WHAT IS REQUIRED — When you reach the line in the listing below that contains "CH. Hestia Souvenir Cheyenne", begin returning lines exactly as written, and stop after the line that contains "Anatomia e Fisiologia". Return no other lines.
***** DATA RECORDS *****
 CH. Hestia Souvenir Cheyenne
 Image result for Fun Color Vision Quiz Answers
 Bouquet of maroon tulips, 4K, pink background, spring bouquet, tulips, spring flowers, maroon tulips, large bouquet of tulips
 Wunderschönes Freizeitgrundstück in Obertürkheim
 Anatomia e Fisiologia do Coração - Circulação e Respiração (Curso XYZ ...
*****
***** DATA RECORDS *****
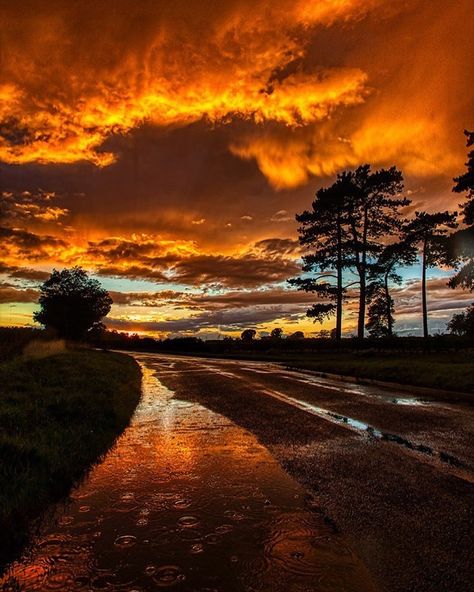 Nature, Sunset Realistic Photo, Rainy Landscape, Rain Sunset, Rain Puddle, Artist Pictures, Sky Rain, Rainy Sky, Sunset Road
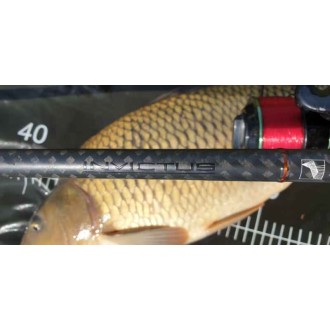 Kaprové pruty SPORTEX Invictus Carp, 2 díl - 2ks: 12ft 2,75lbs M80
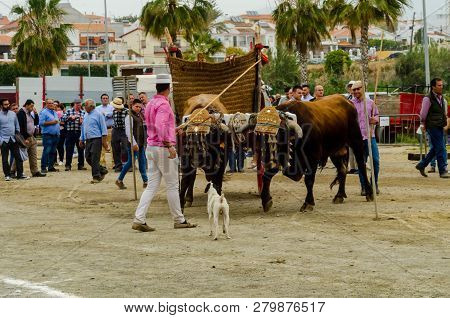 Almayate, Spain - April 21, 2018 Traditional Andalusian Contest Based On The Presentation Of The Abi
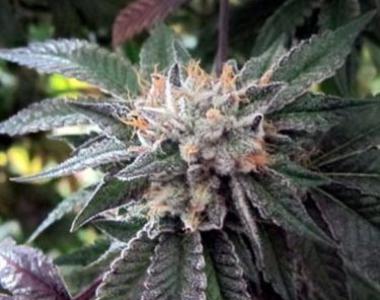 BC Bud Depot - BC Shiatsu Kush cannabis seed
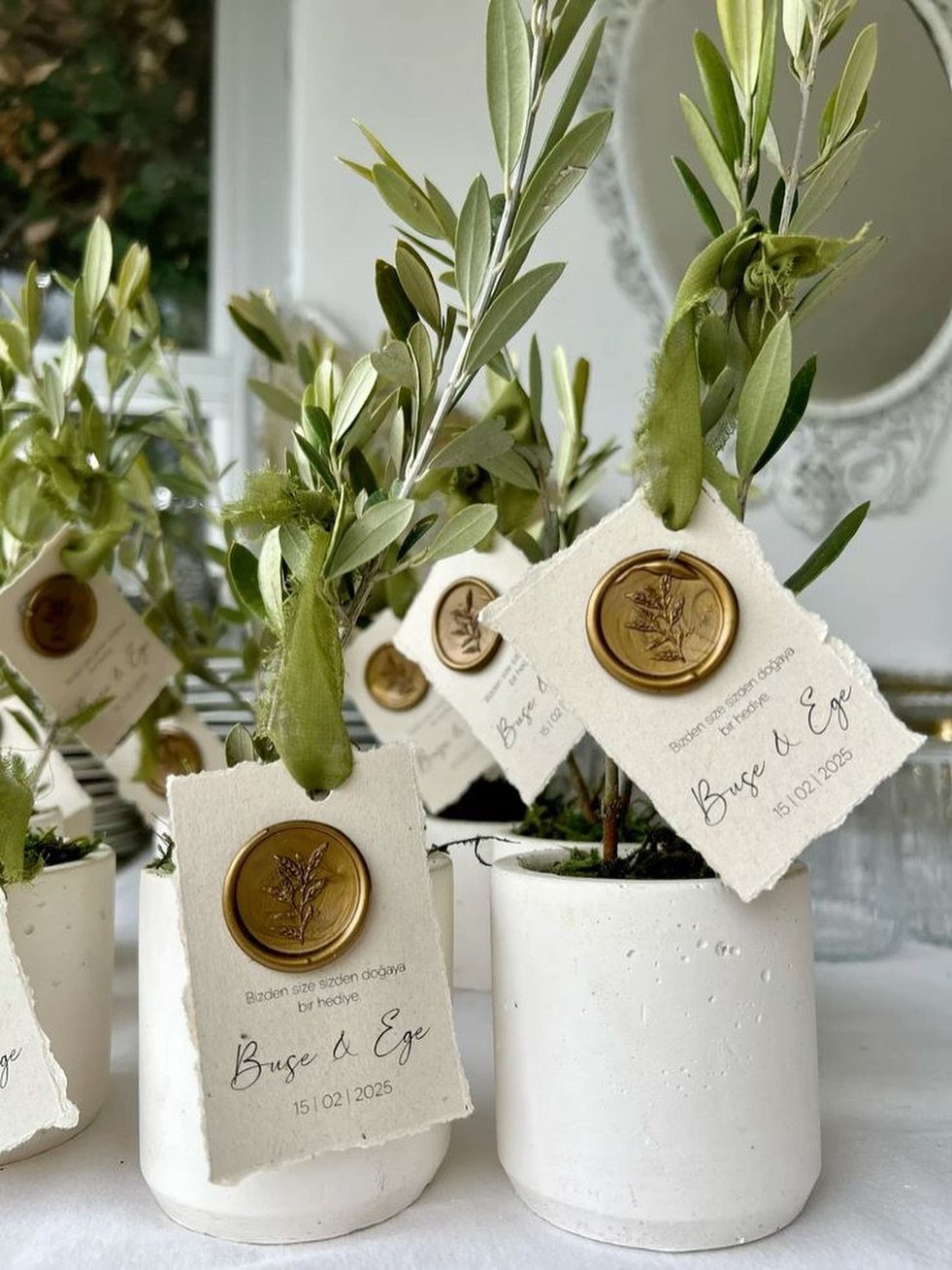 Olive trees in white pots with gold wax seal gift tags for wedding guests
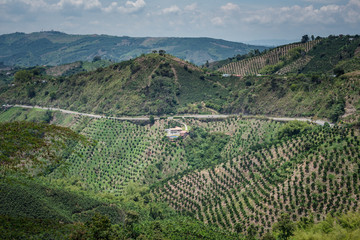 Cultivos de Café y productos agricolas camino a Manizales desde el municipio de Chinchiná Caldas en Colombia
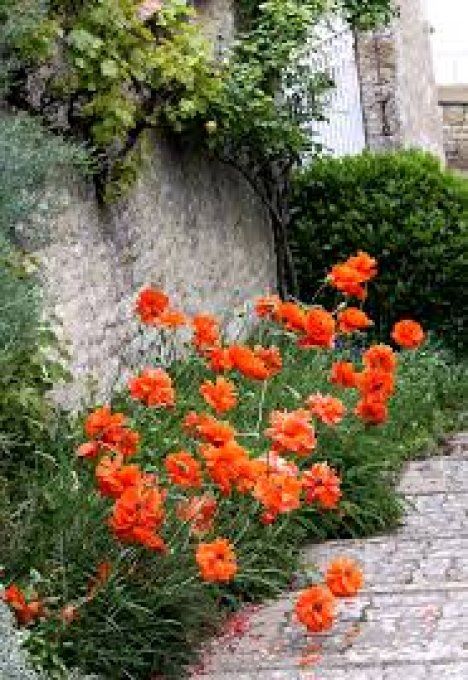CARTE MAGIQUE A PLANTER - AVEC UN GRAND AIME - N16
*****
ANSWER BELOW —
 CH. Hestia Souvenir Cheyenne
 Image result for Fun Color Vision Quiz Answers
 Bouquet of maroon tulips, 4K, pink background, spring bouquet, tulips, spring flowers, maroon tulips, large bouquet of tulips
 Wunderschönes Freizeitgrundstück in Obertürkheim
 Anatomia e Fisiologia do Coração - Circulação e Respiração (Curso XYZ ...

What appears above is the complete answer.